The Misconceptions of Using Heat vs. Ice
HEAT vs. ICE Treating pain with hot and cold can be very effective for a wide variety of different conditions and injuries. The great thing about both is they are relatively inexpensive! The tricky part is knowing what situations calls for heat and which call for ice. By default, always try ice first, we often see better reports of lasting relief with cold therapy. Here are just some general rules of thumb to go by and how each one works:
When you are using ice on an injured or painful area, you are reducing blood flow to a generalized area. Using ice can significantly reduce inflammation and swelling that causes pain. Icing also can temporarily reduce nerve activity, which can also help to relieve pain. ice should be used with acute injuries. inflammation and swelling. It can be applied for 10-20 minutes at a time with a barrier placed between the ice.

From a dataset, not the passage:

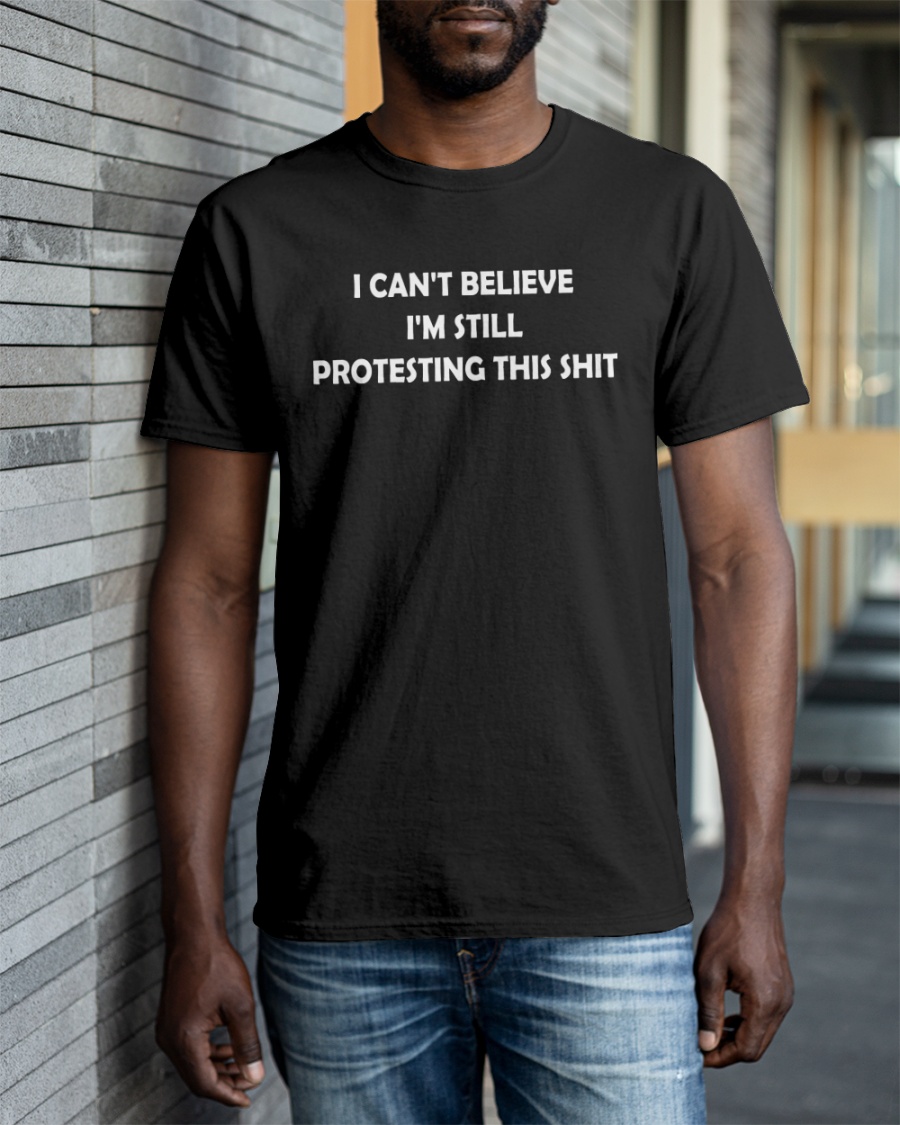 ptherapistf's tweet photo. @KenidraRWoods_ https://t.co/P8lBcGLjs4

I Can't Believe I'm Still Protesting This Shit Classic T-Shirt https://t.co/RRCGm1gbkT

The way heat therapy works is by improving circulation and blood flow to a specific area. When you are warming up the tissues in sore or stiff muscle you may decrease discomfort and increase muscle flexibility. Heat therapy can relax and soothe muscles. It also can have the ability to assist in healing damaged tissue. Heat can be applied to sore or stiff muscles. It can also be effective in treating chronic pain. Heat can be applied for 20-30 minutes at a time with a barrier placed between the heating pad and skin.
The Take Away: They key is knowing when to use cold and when to use heat! Choosing the correct option can significantly increase the effectiveness of the treatment. You can also try alternating between ice and heat to see which works best for you!
*Do not use heat or ice if you have poor blood circulation or decreased sensation in the area you are applying. Do not apply heat to an infected or swollen area.